● Data provided:

☆ ☆ ☆ ☆ ☆

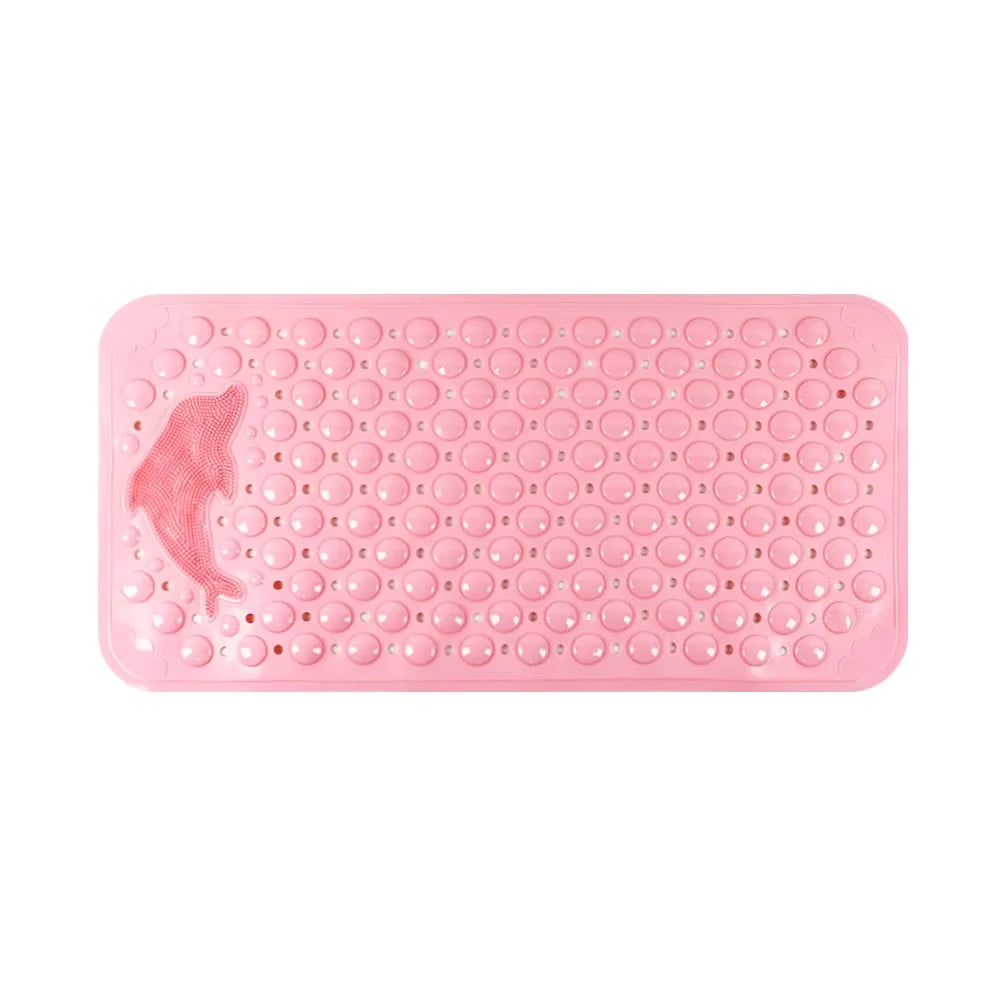 tapis bain antidérapant pvc dauphin moderne 35x70cm drainage texturé bulles ventilation gris rose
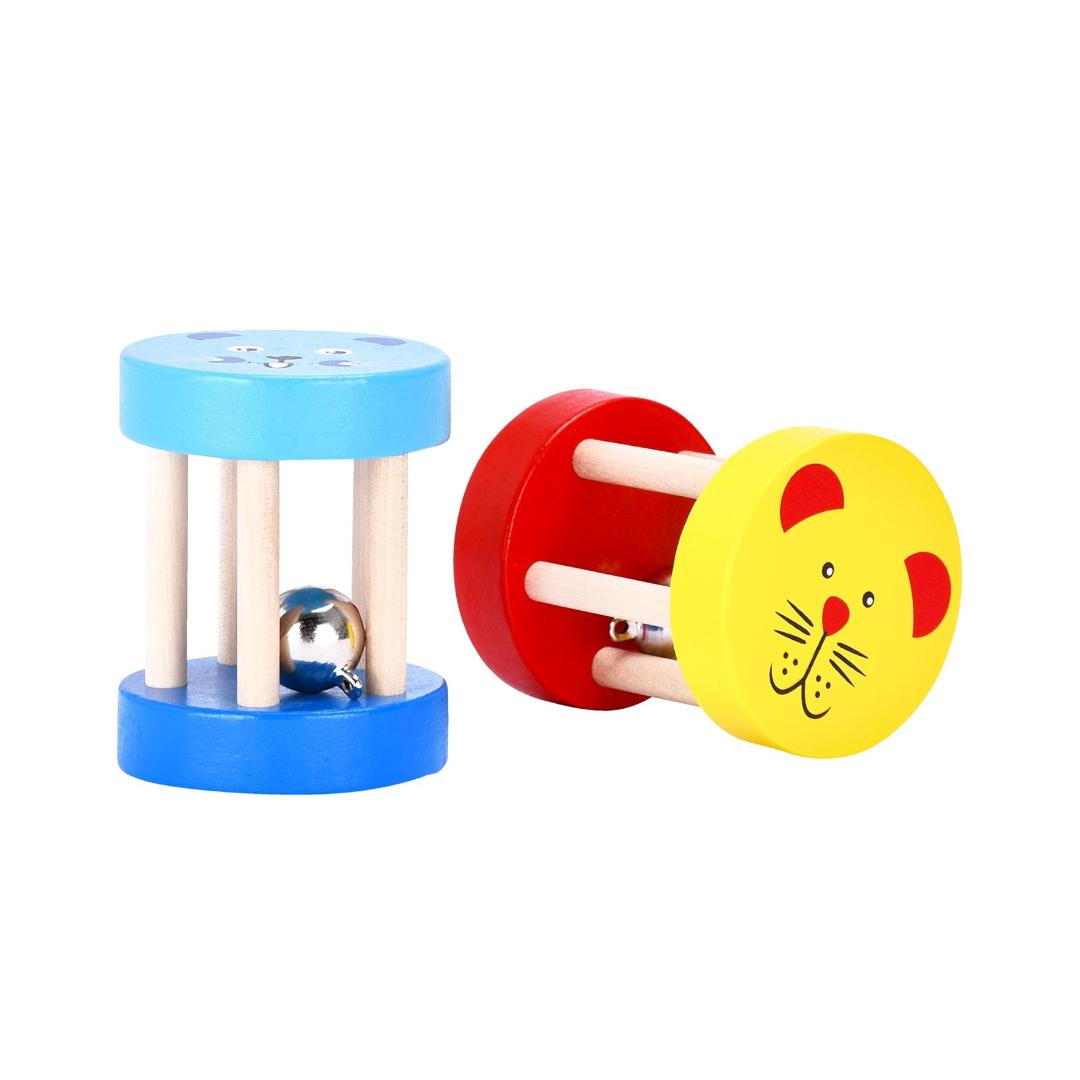 Montessori Childlike Behavior Wooden Red and Blue Cylinder Rattle Set of 2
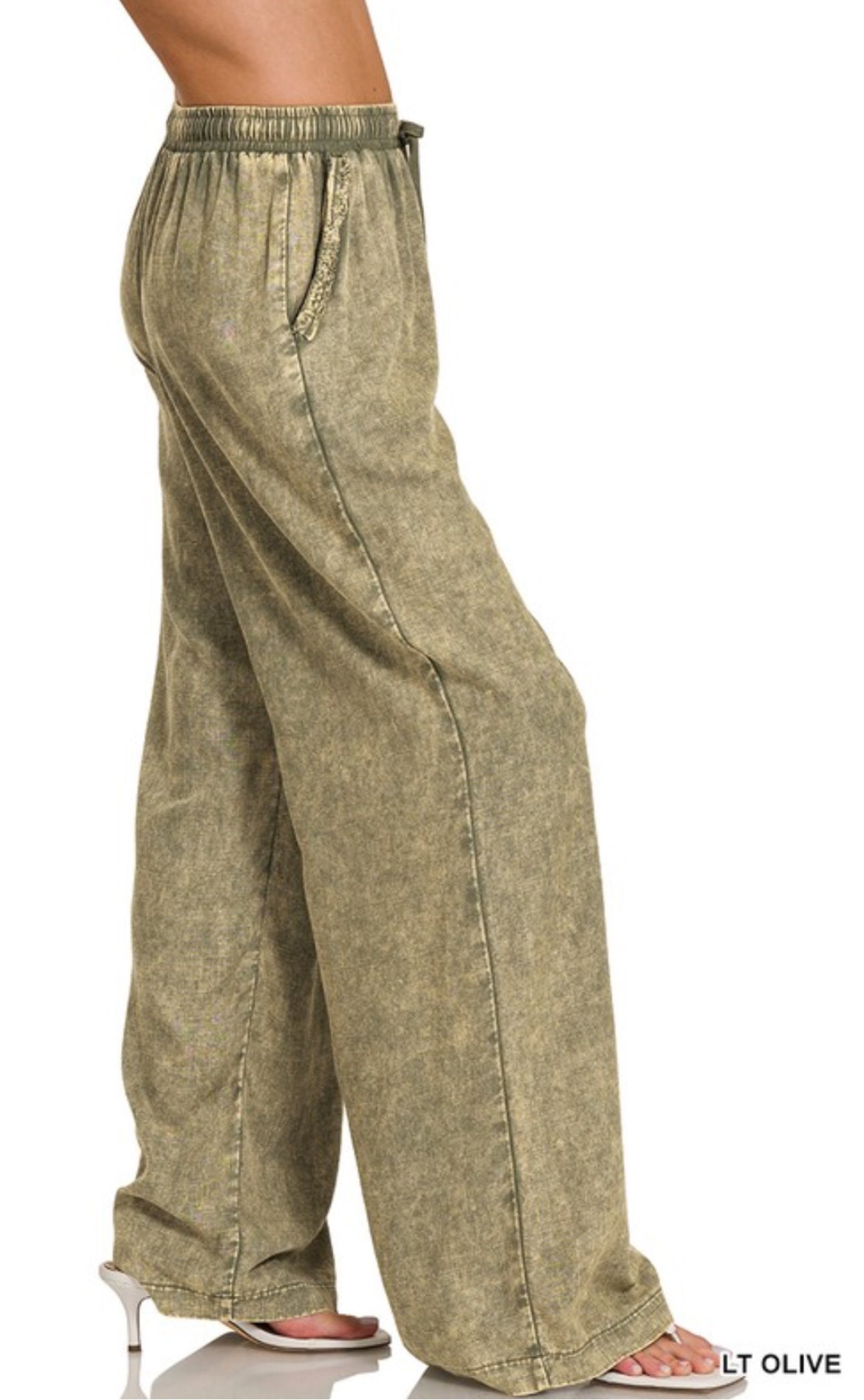 Acid Washed Linen Pants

☆ ☆ ☆ ☆ ☆

● Task prompt: Copy out every line of the data exactly, leaving the images behind.

● Response:
 tapis bain antidérapant pvc dauphin moderne 35x70cm drainage texturé bulles ventilation gris rose
 Montessori Childlike Behavior Wooden Red and Blue Cylinder Rattle Set of 2
 Acid Washed Linen Pants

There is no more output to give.